It has been a hectic month since we launched Bridger. Hectic and exciting with some real highs and lows. This post is to give you a little insight into the life of a startup over our first month as a company with a real product.
So what's happened and perhaps most importantly what's been learnt?
The first bit of good news is that our users have found a number of our features very cool, and some unique. The consensus list of Bridger 'good stuff' (in no particular order) is:
- User selects their own documents
- Supports multiple document types - and PDF support is unique to Bridger
- Understands a wide range of subjects.
- An extensive number of semantic targets are identified giving a rich picture of the document contents
- The mark-up of detected targets in document summaries and the full text is very useful
- Our dynamically generated profiles are unique
- It's mobile
- It's multi-platform
- It's free - costs nothing and there are no ads
So we are all over the moon with this initial feedback from our users.

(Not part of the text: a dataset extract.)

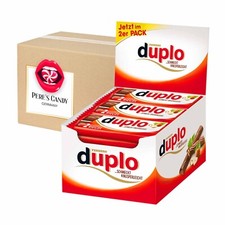 Ferrero Duplo 2er 24x36,4G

Unfortunately (and also inevitably) this is not the end of the story. There are also some issues. These include:
- Users are limited to selecting documents from Dropbox or webpage urls
- There are too many steps to get documents analysed
- Only short documents can be processed - some people want to process whole books
- It takes too long to get results - 10 seconds seems to be the limit
- Results have errors that make you doubt all results
- Smartphone screens are too small
- Some people don't understand what Bridger does
- A lot of users don't know that profiles are available
- The sixdegreesofdata URL is too long, and requiring user ids and passwords make accessing Bridger ATH (all too hard).
A few things to take on the chin but OK, the team can take it but the lack of instant fame and fortune is disappointing ...
Now some of these things are inherent in the nature of semantic analysis and linked open data. Others are 'fixable' through either the user experience (UX) or how we explain (market) Bridger.
In a way, we planned for this and the lean principles have prepared us for an immediate pivot of Bridger to address a number of these issues.